In the meantime, I too am looking forward to this series on how you will define or maybe even re-define "the predicament".

As you proceed, I would encourage you to read 1 Timothy and Titus, where Paul, who was always so concerned that the purity of the Gospel would be maintained, encourages Timothy and Titus to do just that--maintain the purity of the Gospel.

Bob Robinson said...

Matt Wolf,

You are very welcome to interact with me and the other commenters at VanguardChurch. It is helpful to me to have people who will "call me out" if I do not say something clear enough or may be contrary to the revelation of Scripture. I just ask that you have an open mind and open Bible, and that you do not predetermine that the comments here are meant to be antagonistic to Christ or His gospel. We are in a thought-exercise, trying to understand the mind of Christ on these very important topics. Please do not patronize me or the others by saying things like "I would encourage you to read 1 Timothy and Titus...maintain the purity of the Gospel." That kind of condescending rhetoric does not help our efforts here.
Thanks! And I look forward to your comments in the future.

Matt Wolf said...

Please understand, I honestly meant no condescension by that comment and am sorry if it was perceived that way. So please accept my apologies.
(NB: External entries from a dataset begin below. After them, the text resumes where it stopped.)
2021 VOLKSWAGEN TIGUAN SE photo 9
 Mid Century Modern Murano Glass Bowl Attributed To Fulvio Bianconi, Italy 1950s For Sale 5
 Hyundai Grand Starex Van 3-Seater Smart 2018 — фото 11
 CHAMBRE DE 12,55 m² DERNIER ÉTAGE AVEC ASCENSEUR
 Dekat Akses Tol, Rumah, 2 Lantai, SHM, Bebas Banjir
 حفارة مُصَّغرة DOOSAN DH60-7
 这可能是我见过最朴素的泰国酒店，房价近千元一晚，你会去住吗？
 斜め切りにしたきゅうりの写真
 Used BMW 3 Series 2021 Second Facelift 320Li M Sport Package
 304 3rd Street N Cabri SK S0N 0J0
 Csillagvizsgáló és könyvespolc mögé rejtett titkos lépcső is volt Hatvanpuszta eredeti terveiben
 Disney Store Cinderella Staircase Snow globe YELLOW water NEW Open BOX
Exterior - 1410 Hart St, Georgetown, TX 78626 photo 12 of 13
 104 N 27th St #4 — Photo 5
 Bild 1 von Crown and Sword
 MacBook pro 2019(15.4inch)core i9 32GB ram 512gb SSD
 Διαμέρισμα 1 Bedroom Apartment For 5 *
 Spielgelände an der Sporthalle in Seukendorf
I obviously feel that your articulation of "the predicament" that you learned at seminary and has been affirmed for these many years is what the Bible affirms (as you also affirm). And that your upcoming posts to "expand" on the definition of the predicament will lead ineveitably to a change in the meaning of the Gospel (although you say it only enhances positivey the meaning of the Gospel). Hence, in my mind, this leads to an undermining of the purity of the Gospel a thing that Paul was often concerned about.